Insuring Your New Motorcycle

If you're in love with the idea of buying a motorcycle and spending sun-drenched days with the wind in your face (and bugs in your teeth), you may want to check out what it will cost to insure your new toy before you actually decide that you're going to become the next Easy Rider. While motorcycles do look and feel great, they also have a lingering reputation for ferrying somewhat risky and speed-prone drivers around the roadways. In the eyes of an insurance company, the higher risk of riding a motorcycle means that they're typically going to charge a bit more for covering this mode of transportation.

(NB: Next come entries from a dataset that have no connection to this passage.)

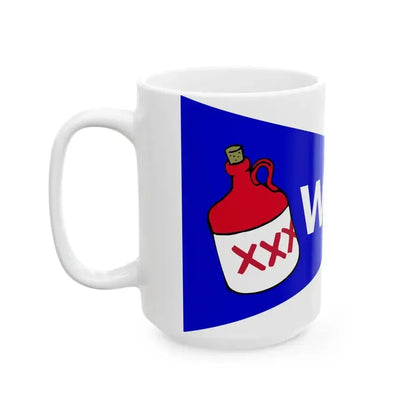 Burgee of Whiskeytown SC (United States) White Coffee Mug - Go Mug Yourself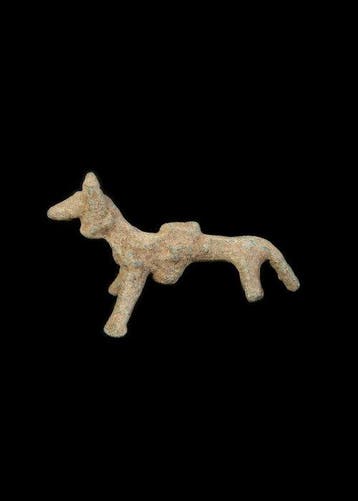 Bronstijd Brons Paardenbeeldje (Zonder minimumprijs), Antiek en Kunst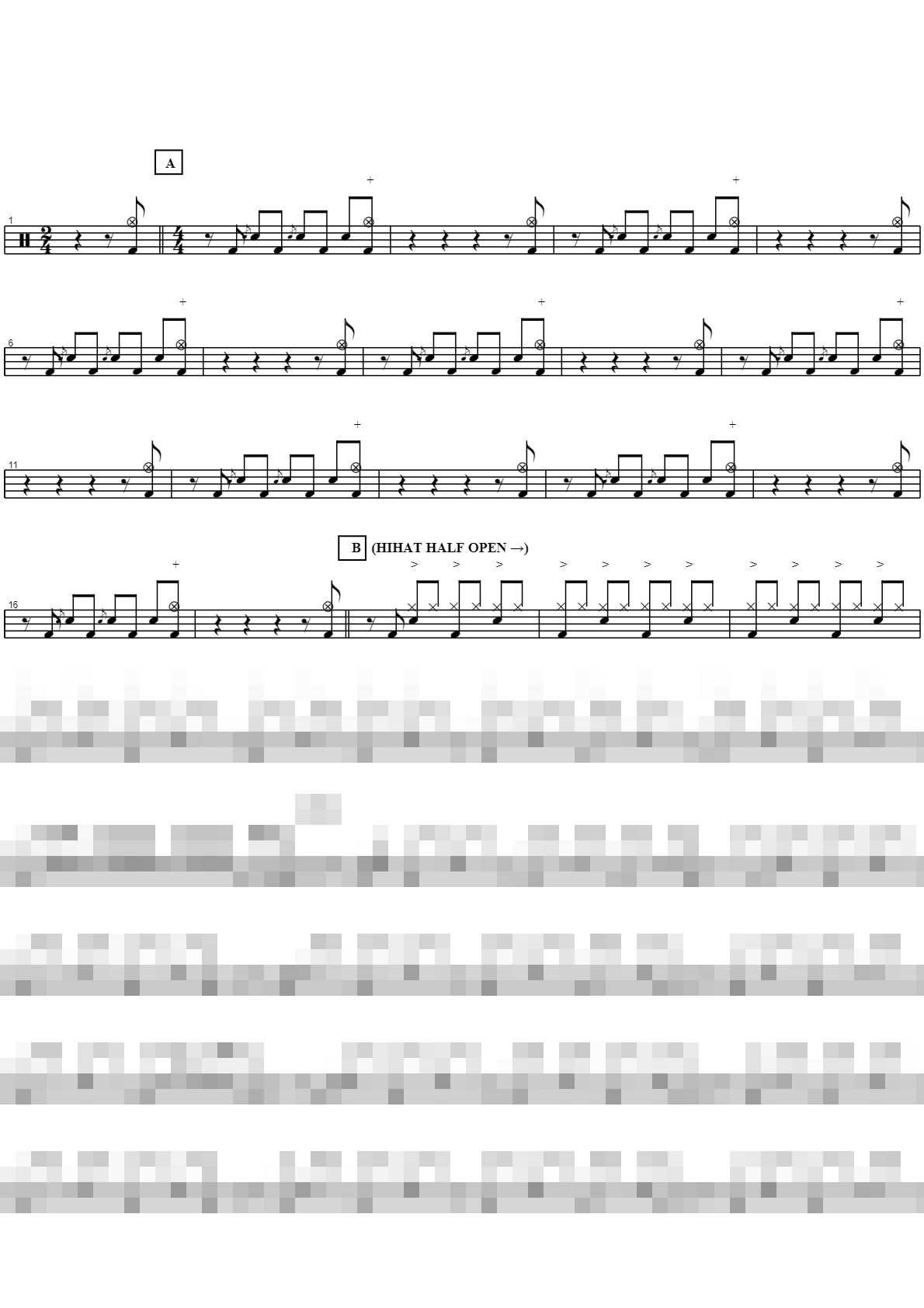 Dread & The Fugitive Mind Sheet Music Preview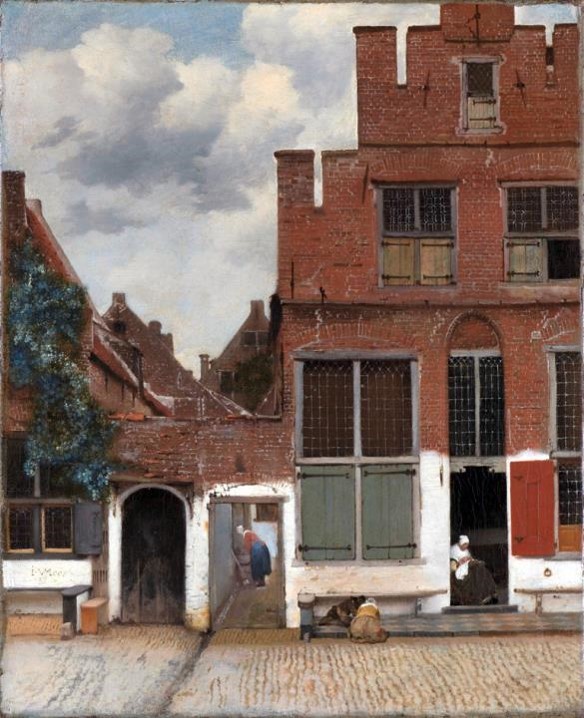 Johannes Vermeer, The Little Street, 1660, Amsterdam, Rijksmuseum, dutch genre painting
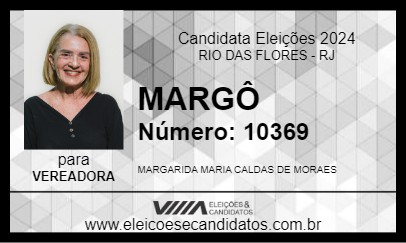 Candidato MARGÔ 2024 - RIO DAS FLORES - Eleições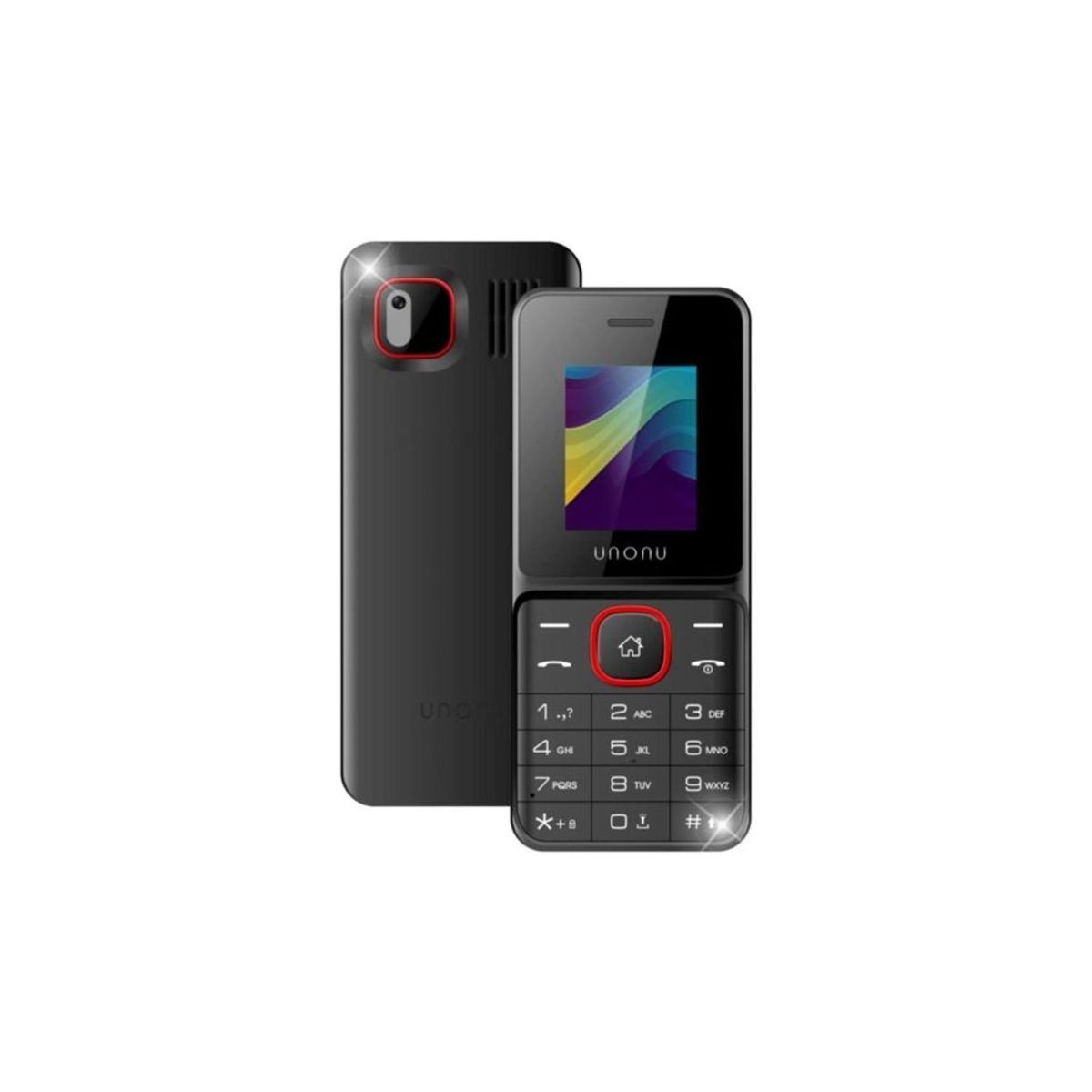 UNONU - Celular Unonu Speed 2G Negro Dual Sim - Conectividad Rápida Y Diseño Elegante, Ideal Para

Here are a few things that often make a difference in the price of motorcycle insurance, so keep them in mind when shopping around:

  • State regulations – Every state has its own set of rules and regulations for insuring both four- and two-wheeled motorized vehicles. Whether its prescribed minimums for liability-, personal injury-, or other coverage types, you'll need to make sure that the insurance you purchase meets your state's requirements. Depending on the number of rules that are in place in your particular state, your policy premium could adjust higher or lower. The motorcycle dealer or your state's Department of Motor Vehicles will be able to give you the details of the necessary coverage.
  • Engine power –The size of the engine in the motorcycle you're considering will make a difference in what you'll pay for insurance on that vehicle. The larger and more powerful the bike's engine, the more insurance companies will be concerned that you may use it to race or show off and, as such, will consider you an even higher risk. The premiums will, of course, go up accordingly.
  • Age – Although it's something that you can't control, age is nonetheless a determining factor in virtually any insurance. The companies are going to take a look at your age and adjust your rate accordingly. Younger drivers (those below age 25) are routinely considered to be a much higher insurance risk because statistics show that these drivers are more likely to operate a vehicle irresponsibly and be involved in accidents. This, needless to say, also precipitates higher premiums.
  • Your driving record – What's in your driving past? If you've got some points against you from driving a car, insurance companies will typically assume that you're going to be no better on a motorcycle. They'll probably even think you may be worse, in which case you can just stand there and watch your premiums rocket skyward. It's important to note that if your driving record isn't perfect to begin with, do your utmost to keep it clean for a few years and then ask your insurance carrier for a safe driver discount. (And, yes, most insurance companies are going to check your credit, too.)
  • Safety courses – Many insurance companies will lower premiums if you've completed a motorcycle-safety driving course. Ask the companies that you're considering if this will make a difference, and if it will, sign up for one (better still, take a safety course regardless).

For many, the feeling of freedom that comes from riding a motorcycle is the vision of perfect transportation. While it can indeed provide such enjoyment, be sure to evaluate the insurance coverage you'll need and what it will cost you beforehand, so that your brand new toy doesn't become just another expensive and oversized paperweight because you can't afford to put it on the road.